Уже 27 декабря 1741 года в Сыскной приказ добровольно явился наш герой.
Объявив, к вящему удивлению служивших там чиновников, что он и есть тот самый знаменитый на Москве вор Ванька Каин, он предложил властям свои услуги в поимке грабителей, воров и прочих преступников в Москве и других местах, ему знакомых. Обо всём этом сохранился документ — протокол допроса Осипова-Каина (хранится в Российском государственном архиве древних актов), который вёл копиист Сыскного приказа Алексей Матвеев. Сам по себе документ чрезвычайно интересен. Вначале преступник кается в своих прегрешениях:
«…Я сим о себе доношением приношу, что я, забыв страх Божий и смертный час, впал в немалое погрешение: будучи в Москве и в протчих городех, во многих прошедших годех машенничествовал денно и ночно, будучи в церквах и в разных местах, у господ, и у приказных людей, и у купцов, и всякого звания у людей из карманов денги, платки всякие, кошельки, часы, ножи и протчее вынимывал»[22].

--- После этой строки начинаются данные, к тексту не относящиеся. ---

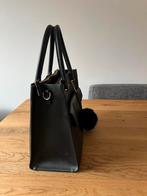 Elegante zwarte Lancaster handtas met Ted Baker hanger, Sieraden, Tassen en Uiterlijk, Tassen | Damestassen, Ophalen of Verzenden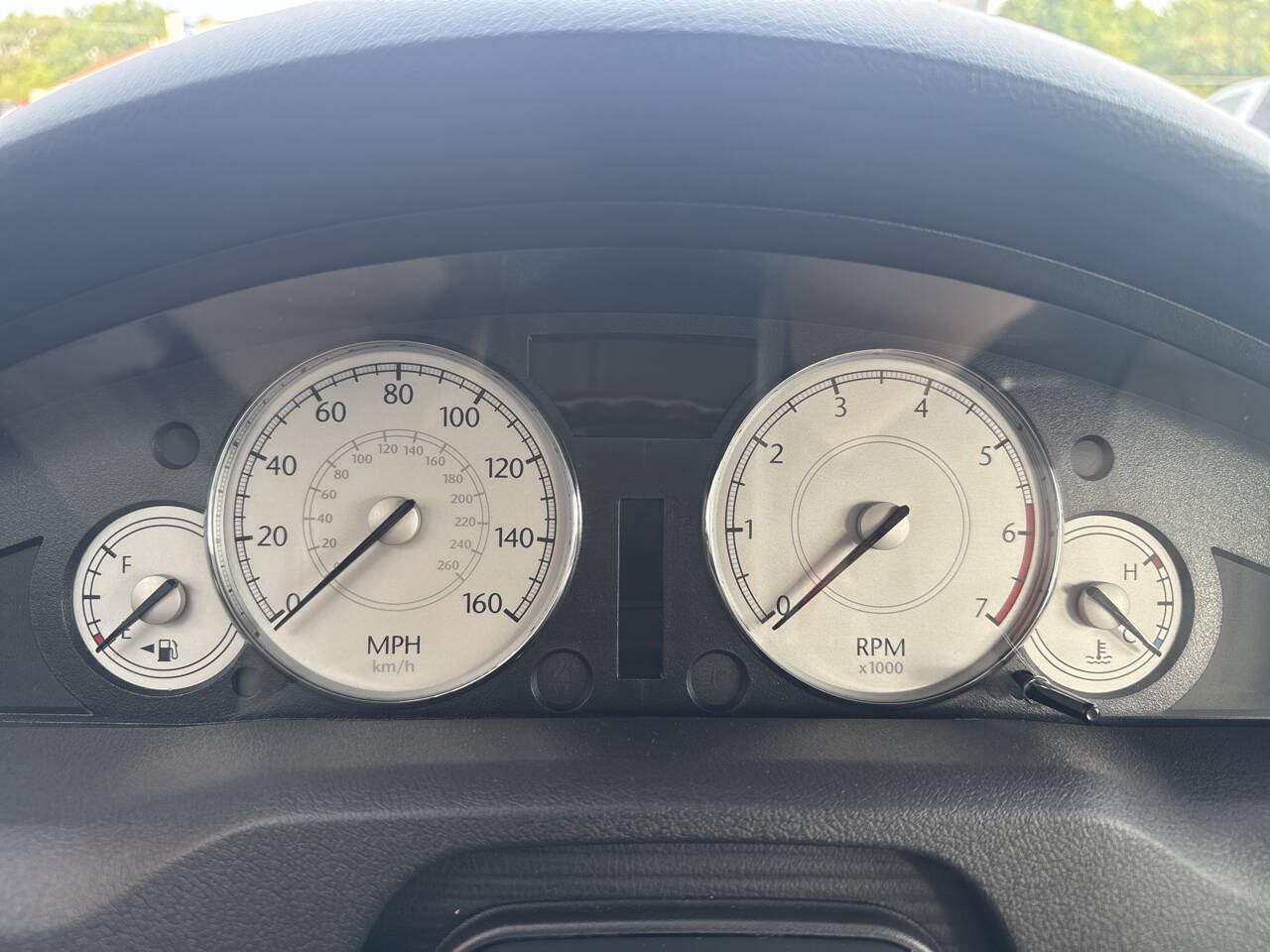 Used 2005 Chrysler 300 C w/ Sound Group II RWD image 31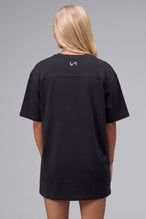 T-shirt Oversize "Prenez la vie plus loin"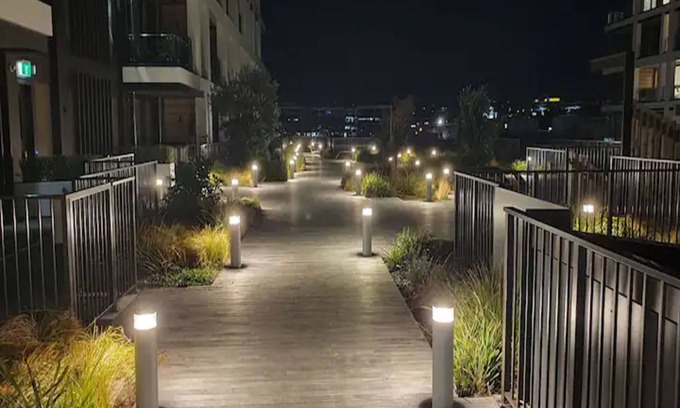 Auckland Central Business District House | Wonderful Wynyard Quarter studio by Zodiak Stays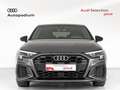 Audi A3 SB 45 TFSIe Competition Black line edition S troni Grijs - thumbnail 2
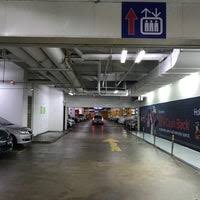 Be sure to have your camera ready when you pull up at the. Gurney Plaza Multi Level Car Park Parking In George Town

Затем же он предлагает свои услуги — для чего, собственно, и явился:
«Товарищи, которых имена значит ниже сего в реестре, не токмо что машенничеют и ис корманов деньги и протчее вынимают, но уже я уведомился, что и вяще воруют и ездят по улицам и по разным местам, всяких чинов людей грабят и платья и протчее снимают, которых я желаю ныне искоренить, дабы в Москве оныя мои товарыщи вышеписанных продерзостей не чинили. А я какова чину человек, и товарыщи мои, и где, и с за кем в подушном окладе написаны, о том всяк покажет о себе сам»[23].
А чтоб чиновники не подумали, будто всё это пустые слова, Каин тут же и перечислил имена и места проживания тридцати двух своих бывших подельников, среди которых упомянул и старого своего товарища и учителя Петра Камчатку. Как можно понять из его «доношения», мошенниками в России тогда называли не жуликов или аферистов, как в более поздние времена, а воров-карманников.